**Task item:**
Output only the lines below from the one holding "Beyaz arka plan" down to the one holding "Honden voercontainer", both end lines included and every picture dropped.

**Supplied material:**
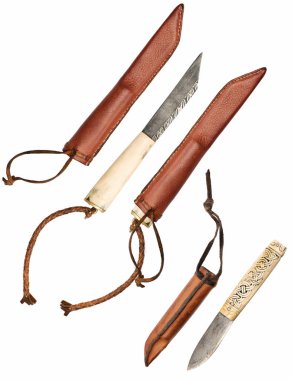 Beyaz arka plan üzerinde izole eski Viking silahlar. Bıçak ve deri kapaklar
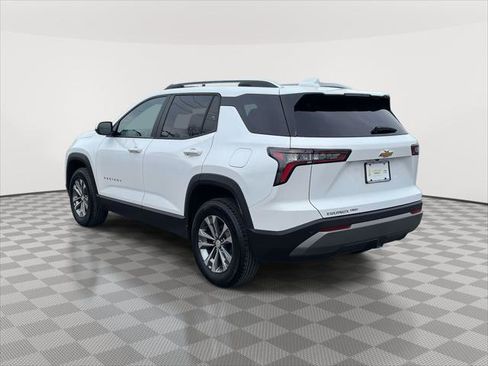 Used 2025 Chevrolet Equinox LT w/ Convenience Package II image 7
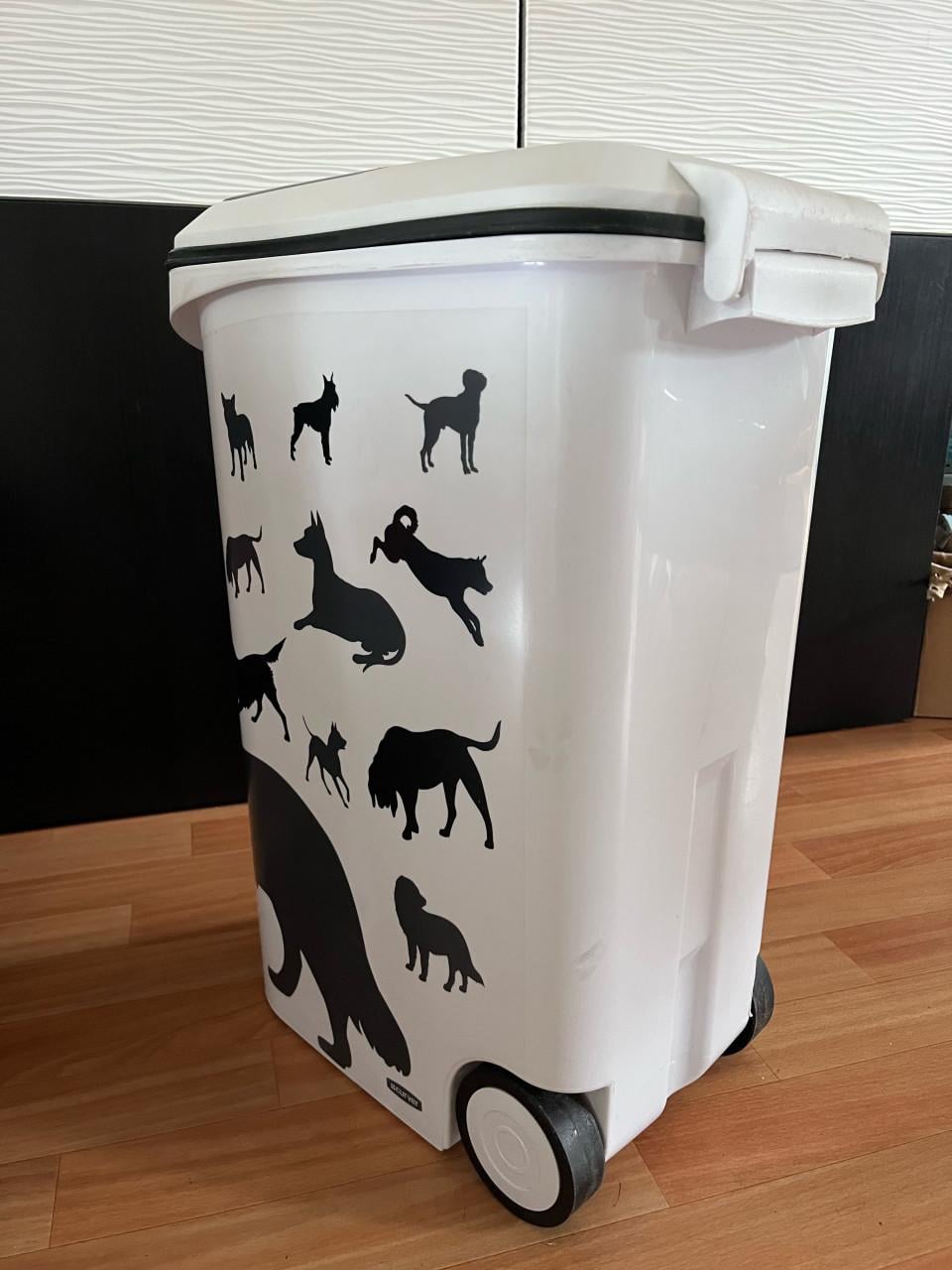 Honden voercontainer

---

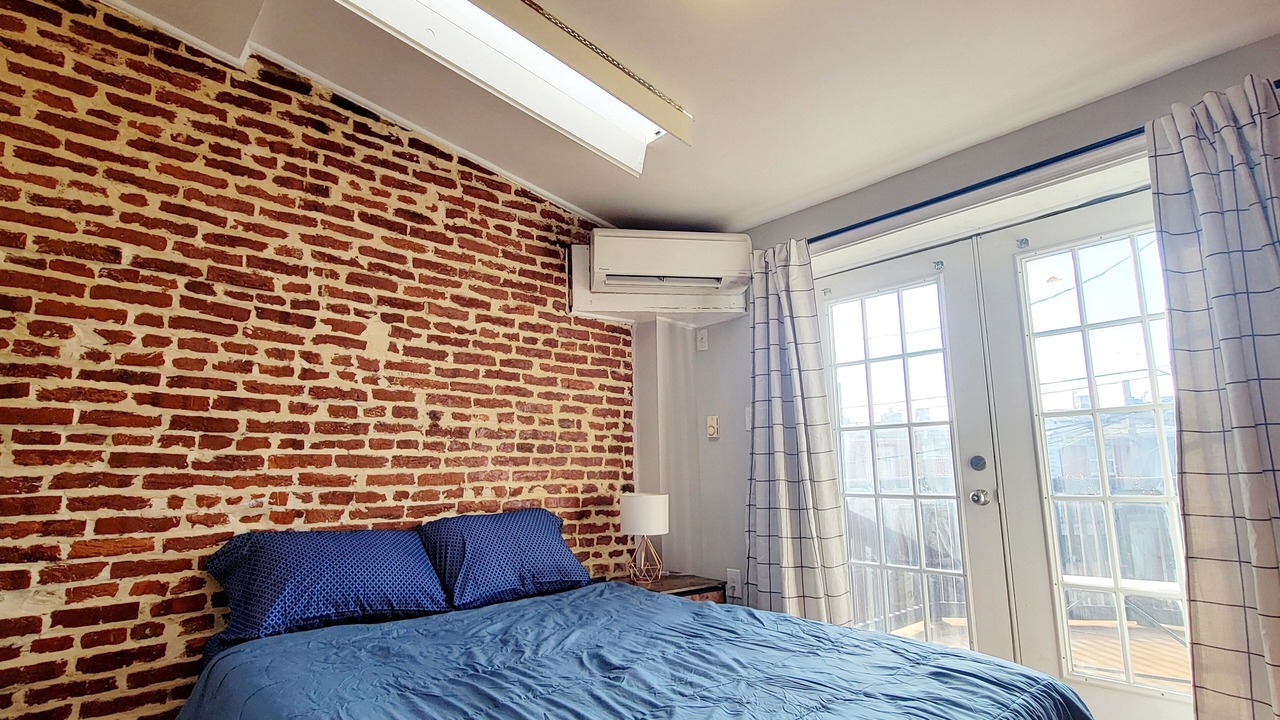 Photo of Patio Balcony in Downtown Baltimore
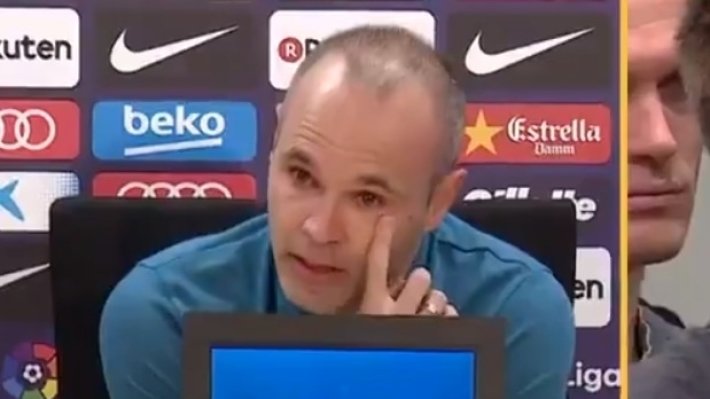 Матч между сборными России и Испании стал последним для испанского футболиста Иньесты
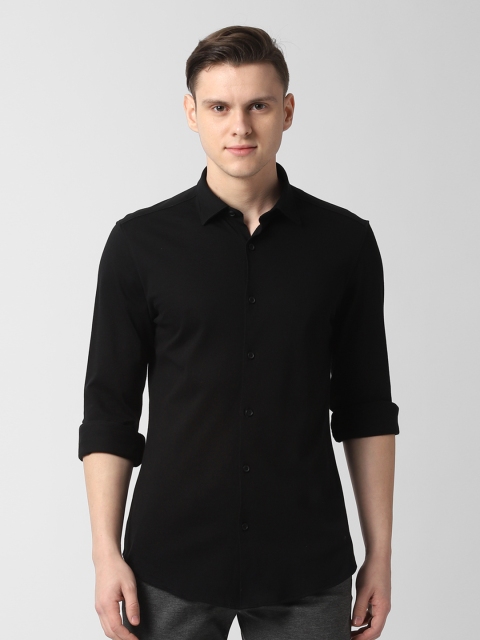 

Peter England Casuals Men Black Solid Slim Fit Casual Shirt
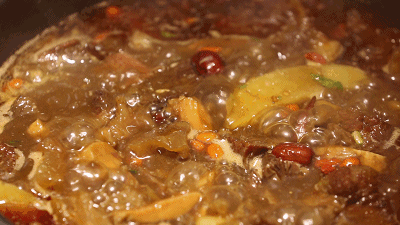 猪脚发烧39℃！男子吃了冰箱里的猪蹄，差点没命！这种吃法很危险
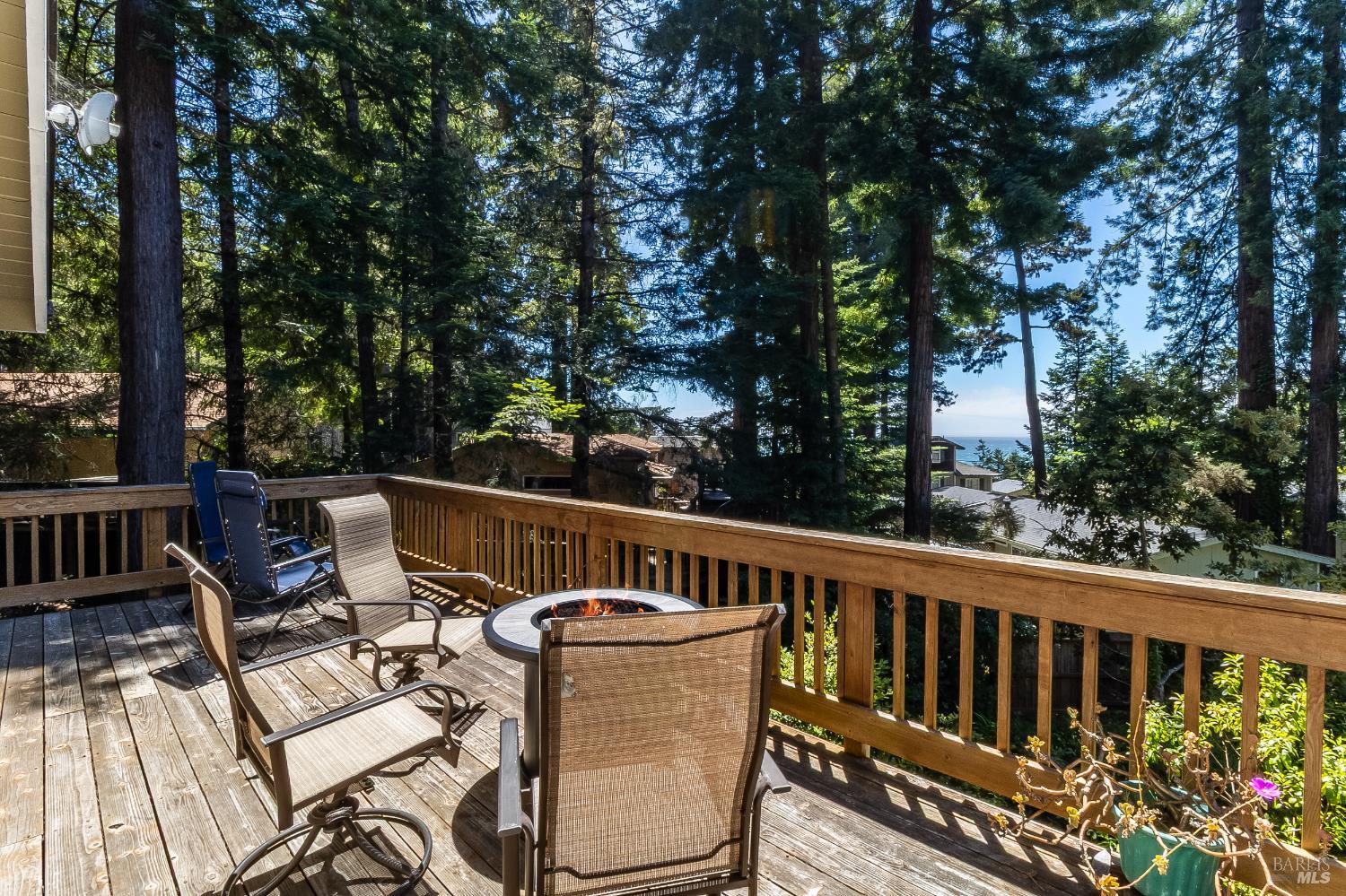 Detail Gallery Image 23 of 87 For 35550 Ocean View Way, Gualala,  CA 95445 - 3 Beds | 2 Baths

**Answer to this exercise:**
 Beyaz arka plan üzerinde izole eski Viking silahlar. Bıçak ve deri kapaklar
 Used 2025 Chevrolet Equinox LT w/ Convenience Package II image 7
 Honden voercontainer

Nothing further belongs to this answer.